2. Considera-se excessiva a velocidade sempre que o condutor ultrapasse os limites máximos de velocidade referidos no número anterior”.

Por sua vez, nos termos do art. 98° da mesma Lei:

“1. É punido com pena de multa de 600,00 a 2 500,00 patacas, quem infringir os limites de velocidade com excesso de velocidade inferior a 30 km/h sobre os limites impostos, no caso de ciclomotor, de motociclo ou de automóvel ligeiro, ou a 20 km/h, tratando-se de automóvel pesado.

2. É punido com pena de multa de 2 000,00 a 10 000,00 patacas e inibição de condução pelo período de 6 meses a 1 ano, quem infringir os limites de velocidade com excesso de velocidade igual ou superior a 30 km/h sobre os limites impostos, no caso de ciclomotor, de motociclo ou de automóvel ligeiro, ou a 20 km/h, tratando-se de automóvel pesado.
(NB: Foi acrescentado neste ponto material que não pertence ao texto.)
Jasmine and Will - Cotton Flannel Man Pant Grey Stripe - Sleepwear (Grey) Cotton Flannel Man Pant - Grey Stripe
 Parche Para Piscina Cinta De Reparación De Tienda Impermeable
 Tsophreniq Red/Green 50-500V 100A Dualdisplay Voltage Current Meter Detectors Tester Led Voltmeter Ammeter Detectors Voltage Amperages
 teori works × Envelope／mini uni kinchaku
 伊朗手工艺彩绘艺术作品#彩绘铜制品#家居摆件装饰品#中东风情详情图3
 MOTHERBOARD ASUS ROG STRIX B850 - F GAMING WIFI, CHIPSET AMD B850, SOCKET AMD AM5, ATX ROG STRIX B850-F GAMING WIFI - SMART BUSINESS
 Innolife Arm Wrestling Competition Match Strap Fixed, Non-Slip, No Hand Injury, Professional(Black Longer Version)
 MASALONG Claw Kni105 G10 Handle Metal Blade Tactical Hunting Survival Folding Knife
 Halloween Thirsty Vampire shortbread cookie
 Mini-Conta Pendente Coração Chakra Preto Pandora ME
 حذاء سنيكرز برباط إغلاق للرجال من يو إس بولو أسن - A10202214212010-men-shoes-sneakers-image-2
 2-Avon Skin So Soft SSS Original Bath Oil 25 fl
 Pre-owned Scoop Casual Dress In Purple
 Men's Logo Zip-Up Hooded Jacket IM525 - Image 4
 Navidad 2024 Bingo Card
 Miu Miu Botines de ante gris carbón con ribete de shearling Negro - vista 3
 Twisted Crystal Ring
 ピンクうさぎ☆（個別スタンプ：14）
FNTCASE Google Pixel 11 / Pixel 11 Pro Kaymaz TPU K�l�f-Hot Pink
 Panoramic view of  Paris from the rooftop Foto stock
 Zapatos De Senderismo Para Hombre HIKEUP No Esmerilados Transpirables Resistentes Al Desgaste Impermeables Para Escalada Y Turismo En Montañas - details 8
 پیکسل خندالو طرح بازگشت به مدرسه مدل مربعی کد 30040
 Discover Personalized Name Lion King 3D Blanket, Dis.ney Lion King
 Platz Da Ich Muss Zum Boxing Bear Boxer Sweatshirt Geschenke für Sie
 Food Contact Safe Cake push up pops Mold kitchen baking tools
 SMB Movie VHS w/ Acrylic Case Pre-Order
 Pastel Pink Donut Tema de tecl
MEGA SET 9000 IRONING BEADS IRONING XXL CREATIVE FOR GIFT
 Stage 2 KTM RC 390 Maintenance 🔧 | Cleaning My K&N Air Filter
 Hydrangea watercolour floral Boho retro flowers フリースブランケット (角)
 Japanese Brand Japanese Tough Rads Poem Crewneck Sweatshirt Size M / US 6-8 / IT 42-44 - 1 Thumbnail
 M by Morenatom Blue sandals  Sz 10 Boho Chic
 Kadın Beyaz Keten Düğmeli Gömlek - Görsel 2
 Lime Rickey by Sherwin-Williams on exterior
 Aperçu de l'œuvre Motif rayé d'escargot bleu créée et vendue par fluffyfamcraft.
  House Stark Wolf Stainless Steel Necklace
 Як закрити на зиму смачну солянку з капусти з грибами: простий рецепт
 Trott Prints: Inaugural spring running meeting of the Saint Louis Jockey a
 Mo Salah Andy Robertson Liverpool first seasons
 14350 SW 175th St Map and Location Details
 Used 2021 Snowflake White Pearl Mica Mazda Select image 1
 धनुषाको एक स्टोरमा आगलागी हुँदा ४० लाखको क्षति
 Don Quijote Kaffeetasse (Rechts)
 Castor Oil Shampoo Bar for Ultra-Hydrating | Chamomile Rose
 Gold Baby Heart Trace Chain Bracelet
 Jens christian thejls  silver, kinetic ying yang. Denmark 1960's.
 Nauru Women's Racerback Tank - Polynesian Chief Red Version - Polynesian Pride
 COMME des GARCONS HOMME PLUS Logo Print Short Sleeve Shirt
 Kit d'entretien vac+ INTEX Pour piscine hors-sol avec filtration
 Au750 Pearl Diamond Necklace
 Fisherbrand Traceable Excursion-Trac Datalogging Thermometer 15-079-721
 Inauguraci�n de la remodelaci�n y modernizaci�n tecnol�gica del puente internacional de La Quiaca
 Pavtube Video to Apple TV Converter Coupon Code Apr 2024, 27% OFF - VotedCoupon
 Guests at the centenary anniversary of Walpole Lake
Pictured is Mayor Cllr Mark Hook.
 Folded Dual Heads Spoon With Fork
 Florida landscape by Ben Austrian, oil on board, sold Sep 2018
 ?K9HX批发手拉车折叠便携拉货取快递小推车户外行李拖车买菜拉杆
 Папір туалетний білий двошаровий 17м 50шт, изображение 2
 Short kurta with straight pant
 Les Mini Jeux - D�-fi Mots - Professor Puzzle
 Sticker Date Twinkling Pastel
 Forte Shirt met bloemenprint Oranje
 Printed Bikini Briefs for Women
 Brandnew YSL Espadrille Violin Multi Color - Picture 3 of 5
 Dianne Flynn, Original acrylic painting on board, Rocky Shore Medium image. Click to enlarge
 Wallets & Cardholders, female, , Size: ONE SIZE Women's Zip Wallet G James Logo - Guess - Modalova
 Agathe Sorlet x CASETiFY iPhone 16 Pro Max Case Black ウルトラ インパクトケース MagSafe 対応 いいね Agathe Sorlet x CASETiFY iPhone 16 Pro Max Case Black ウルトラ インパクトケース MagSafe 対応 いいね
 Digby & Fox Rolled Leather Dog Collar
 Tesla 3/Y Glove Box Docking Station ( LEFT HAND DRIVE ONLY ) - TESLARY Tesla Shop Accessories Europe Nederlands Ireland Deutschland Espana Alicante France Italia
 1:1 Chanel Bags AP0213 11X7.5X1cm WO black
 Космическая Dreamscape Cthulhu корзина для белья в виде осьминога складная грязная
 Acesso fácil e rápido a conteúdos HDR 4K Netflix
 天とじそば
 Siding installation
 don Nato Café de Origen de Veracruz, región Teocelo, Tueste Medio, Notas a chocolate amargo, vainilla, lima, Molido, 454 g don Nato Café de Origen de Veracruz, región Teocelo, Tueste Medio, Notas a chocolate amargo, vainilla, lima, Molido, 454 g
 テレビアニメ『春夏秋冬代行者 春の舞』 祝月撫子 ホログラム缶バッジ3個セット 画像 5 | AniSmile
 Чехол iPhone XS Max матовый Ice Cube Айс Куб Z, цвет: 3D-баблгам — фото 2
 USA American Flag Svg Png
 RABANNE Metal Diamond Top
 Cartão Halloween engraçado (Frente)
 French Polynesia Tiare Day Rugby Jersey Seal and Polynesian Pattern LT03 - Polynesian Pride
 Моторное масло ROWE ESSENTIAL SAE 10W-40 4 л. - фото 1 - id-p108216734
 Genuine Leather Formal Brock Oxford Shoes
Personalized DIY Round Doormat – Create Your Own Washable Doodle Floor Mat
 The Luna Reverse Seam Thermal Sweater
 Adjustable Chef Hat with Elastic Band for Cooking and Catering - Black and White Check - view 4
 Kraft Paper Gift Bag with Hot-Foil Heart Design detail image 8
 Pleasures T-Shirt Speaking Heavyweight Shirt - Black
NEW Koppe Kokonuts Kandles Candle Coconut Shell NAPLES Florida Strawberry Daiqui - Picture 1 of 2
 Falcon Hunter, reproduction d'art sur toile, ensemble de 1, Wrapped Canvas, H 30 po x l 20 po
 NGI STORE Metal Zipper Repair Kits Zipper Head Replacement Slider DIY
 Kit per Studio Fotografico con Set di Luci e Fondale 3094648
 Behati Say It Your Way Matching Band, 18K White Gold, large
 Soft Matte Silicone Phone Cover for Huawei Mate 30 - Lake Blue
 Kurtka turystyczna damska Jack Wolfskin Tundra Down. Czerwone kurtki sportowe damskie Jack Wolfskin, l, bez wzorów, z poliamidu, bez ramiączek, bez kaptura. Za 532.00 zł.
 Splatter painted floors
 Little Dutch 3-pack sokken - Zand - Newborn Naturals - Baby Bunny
3. Em caso de reincidência, o infractor é punido:

1) Com pena de multa de 750,00 a 3 500,00 patacas, caso a segunda infracção tenha sido cometida com excesso de velocidade indicado no n.º 1;

2) Com pena de multa de 2 000,00 a 10 000,00 patacas e inibição de condução pelo período de 6 meses a 1 ano, caso a infracção anterior tenha sido cometida com excesso de velocidade indicado no n.° 1 e a segunda com excesso de velocidade referido no número anterior;

3) Com pena de multa de 4 000,00 a 20 000,00 patacas e inibição de condução pelo período de 1 a 3 anos, se a primeira e segunda infracções tiverem sido cometidas com excesso de velocidade indicado no número anterior.

4. É punido com pena de multa de 1 000,00 a 5 000,00 patacas e inibição de condução pelo período de 1 a 6 meses, quem praticar a contravenção prevista no n.º 1 pela terceira vez e seguintes, no prazo de 2 anos contado a partir da data da prática da primeira das duas infracções anteriores, desde que sobre estas tenha havido pagamento voluntário das multas ou as sentenças tenham transitado em julgado e caso as infracções anteriores tenham sido cometidas com excesso de velocidade indicado no mesmo número.
(…)”; (sub. nosso).

Como se vê, a primeira questão a tratar consiste em saber se a matéria de facto dada como provada na sentença recorrida permite a condenação do arguido nos termos decididos pelo Mmo Juiz do T.J.B..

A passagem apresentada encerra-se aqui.